Investing in companies you don't understand isn't really investing at all. That would be gambling at best -- throwing money at an unknown target and hoping for the best. Invest in what you know, as master investor Peter Lynch said. That's the best way to ensure that you're separating the truly promising wheat from the worthless chaff -- before putting real money into any of them.

With that in mind, here's a handful of companies that every investor should be able to understand in a hurry. If you don't have any particular field of expertise from which to launch your investing strategy, these super-simple business models would be a great place to start.

A young couple, laughing in a flurry of dollar bills.

Image source: Getty Images.


Business owners in need of uniforms, cleaning services, and logotype-adorned promotional items often go straight to Cintas (CTAS 0.91%) for help. The company is a leader in all of the market niches mentioned, turning Cintas into a pretty good measuring stick for the economy as a whole.

This company provides essential services to every sector. Cintas counts more than 1 million companies among its clients, chiefly focused on uniform rentals and facility services in North America. This company does all the boring maintenance stuff for other businesses, allowing the clients to focus on whatever it is they do best.

You probably learned all you need to know about Cintas' business model from the first sentence in this section. It really is that simple. Cintas is very good at its chosen field of expertise, and the ho-hum uniform rental service is actually a cash machine that drove Cintas shares to market-crushing returns over the last 10 years:

CTAS Total Return Price Chart

CTAS Total Return Price data by YCharts

See, you can beat the market without getting fancy. Cintas dominates a clearly defined market niche, and shareholders can laugh about it all the way to the bank.


I don't have to tell you how Starbucks (SBUX -0.48%) makes money. I'll do it anyway, just so you can see how incredibly simple this company is.

Starbucks sells coffee and related products. Sure, customers could make their own coffee at a large discount to Starbucks' premium drink prices, but they keep coming back to the coffee shop because it's a convenient way to get your hands on a well-made cup o' joe.

You can dive deeper into certain wrinkles of the Starbucks model, of course. Some Starbucks stores are company-owned and others are franchised locations under the management of local business owners. The company must keep its product quality reliably high, or else the whole business model falls apart. Other than that, Starbucks' management can focus on creating effective marketing campaigns and expanding into new international markets. Those are the most difficult parts of this sophisticated yet uncomplicated company.
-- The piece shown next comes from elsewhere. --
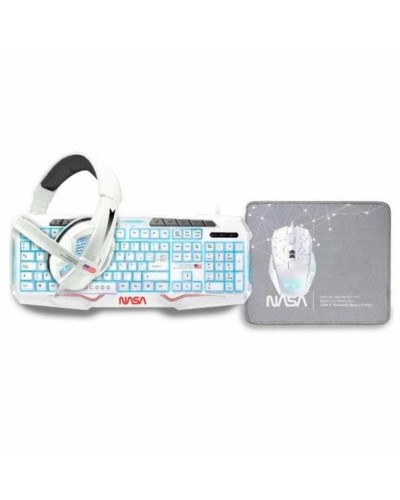 Tangentbord och Mus NASA ANDROMEDA4IN1-W Vit Multicolour Qwerty Spanska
I don't have to tell you that Starbucks tends to beat the market too, right? Everybody knows, and here's all the evidence you need:

SBUX Total Return Price Chart

SBUX Total Return Price data by YCharts


Again, you already know this company. Netflix (NFLX 0.50%) is a leading provider of internet-based entertainment services, having kick-started the market for streaming video way back in 2007. What began as an inventive take on movie rentals, shipping DVD discs in red envelopes, morphed into a video-streaming service in a hurry. You might recall the Qwikster debacle, where Netflix made that switch official -- in a painfully awkward way.

OK, I am getting carried away here. You don't have to know much about Netflix's history in order to understand how it operates today. But the company has been in the public spotlight for so long that you probably do know what I was talking about a minute ago.

Appropriately enough, you can boil Netflix's business down to a classic movie quote.

If you build it, they will come.

-- Field of Dreams, 1989

That's it. Netflix has built a user-friendly video-streaming service that lets viewers consume its content on pretty much any device with a screen and an internet connection, in any country where it is legal to do business with American companies. As long as Netflix keeps feeding high-quality content into this strangely unique user experience, subscribers will come back for more -- and bring their friends.

Like Starbucks, it's easy to get lost in the complexities of Netflix's detailed operations. The company is producing a lot of content of its own nowadays, replacing the old model of licensing shows and movies from other companies. Cash flows are negative at the moment but management expects to turn that metric positive in a few years. Every international market comes with its own set of cultural and legal challenges. Nobody really knows how consumer tastes will change in the next year or the next decade. Netflix has to adjust to all of these details and more.

But it's OK if most of that goes over your head because the Kevin Costner quote above really does cover it all. The company's official long-term strategy statement says the same thing in different words:

"Netflix is a global streaming entertainment service offering movies and TV series commercial-free, with unlimited viewing on any internet-connected screen for an affordable, no-commitment monthly fee."

If Cintas and Starbucks stomped the market over the past decade, Netflix made both of them look glacial by comparison:

CTAS Total Return Price Chart

CTAS Total Return Price data by YCharts

...and Netflix did it all with the same unwavering focus on improving the user experience. That's really all you need to know about Netflix. It's one of the simplest business models I know, and it belongs in every long-term investor's portfolio.